# Rugby!



## woodysmama (Feb 25, 2007)

Rugby has already learned to retrieve the newspaper each morning to bring to his new adoptive family! It took very little time for Rugby to unpack his bags and settle right into his third—and final—home. 
Four-year-old Rugby was one of two dogs surrendered to YGRR when their second owner found himself working long hours with little time to give to the dogs. Their original owners had given them up because of a divorce in the family. When Rugby was taken to the YGRR veterinarian, he was found to be thin but otherwise healthy. He was neutered, tattooed, given a much needed dentistry and brought to Riverview.
Rugby didn’t have to wait long to meet his perfect match. A beautiful 10-year-old Golden girl named Shayna brought her “parents” to meet Rugby and he quickly became part of their family. Now, along with his daily newspaper duties, Rugby takes long walks by the ocean and enjoys busy days with his new family. The third home was the charm for this handsome Golden boy!


----------



## Rob's GRs (Feb 25, 2007)

Wow what a great looking boy. What a shame he was passed from home to home. I hope he has finally found his forever home.


----------



## Miss Happy (Dec 22, 2007)

Sweet Katie was a rescue but now in her forever home - she also delivers papers and mail. Rugby looks like a sweetheart and I love his name.


----------



## Ljilly28 (Jan 22, 2008)

His soft, happy expression behind the blue newspaer wrapper made me smile. I bet he was all wags and proud. 

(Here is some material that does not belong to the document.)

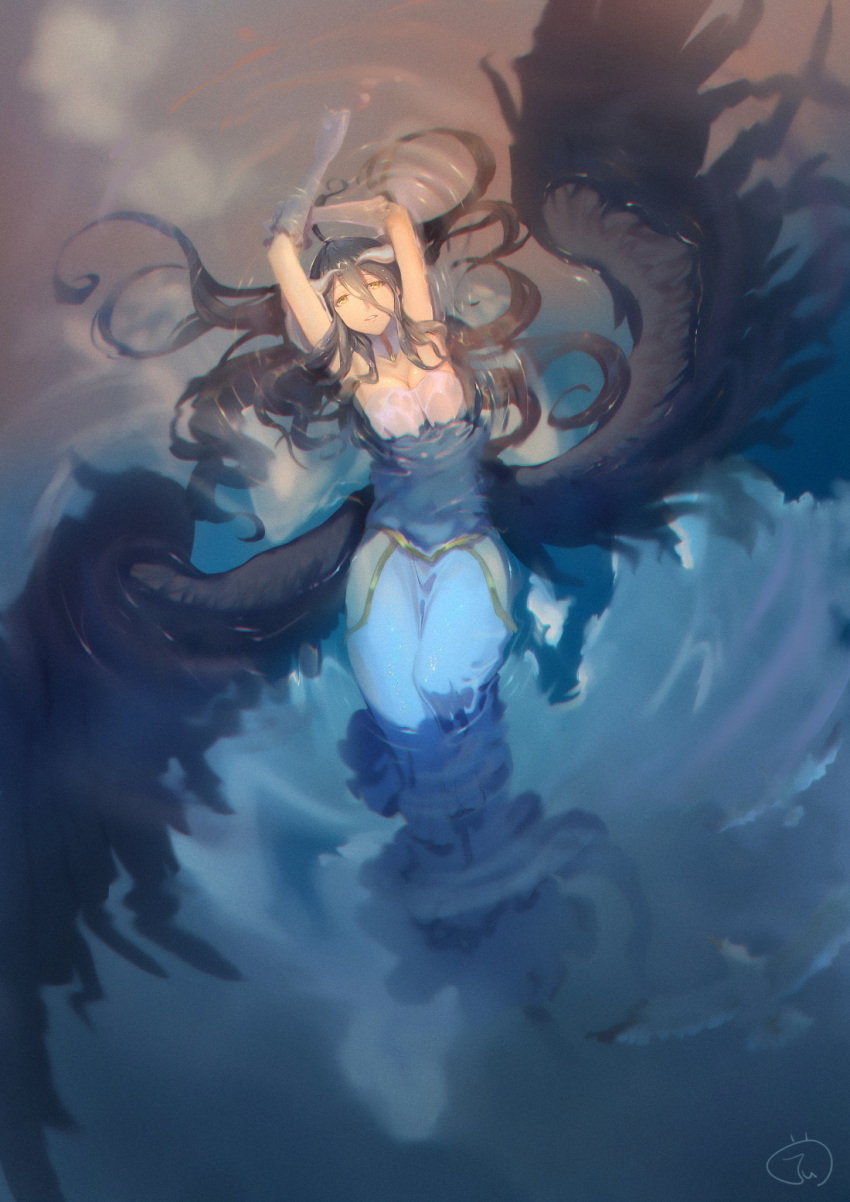 albedo_(overlord) arms_up black_hair black_wings commentary demon_horns detached_collar dress feathered_wings female floating_hair hair_between_eyes highres horns jujumaho_(nanigaxila) overlord_(maruyama) partially_submerged ripples signature sky slit_pupils water white_dress wings yellow_eyes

I support Yankee goldens's senior program every year, and so admire the good work.


----------



## MaddieMagoo (Aug 14, 2007)

He's so cute...he looks like a show Golden..in a way!!??


----------



## Karen519 (Aug 21, 2006)

*Rugby*

Rugby is just prescious!!!!


----------



## BeauShel (May 20, 2007)

Rugby is so handsome and I think the third home is going to be his last.


----------



## Heidi36oh (Feb 27, 2007)

He is beautiful, looks like he's home for sure.


----------



## 3 goldens (Sep 30, 2005)

Such a beautiful boy and I would say he has found his forever home, just hwat all dogs need.


----------



## Jackson'sMom (Oct 13, 2007)

It's just so nice to hear a happy ending once in a while. Thank you, YGRR!


----------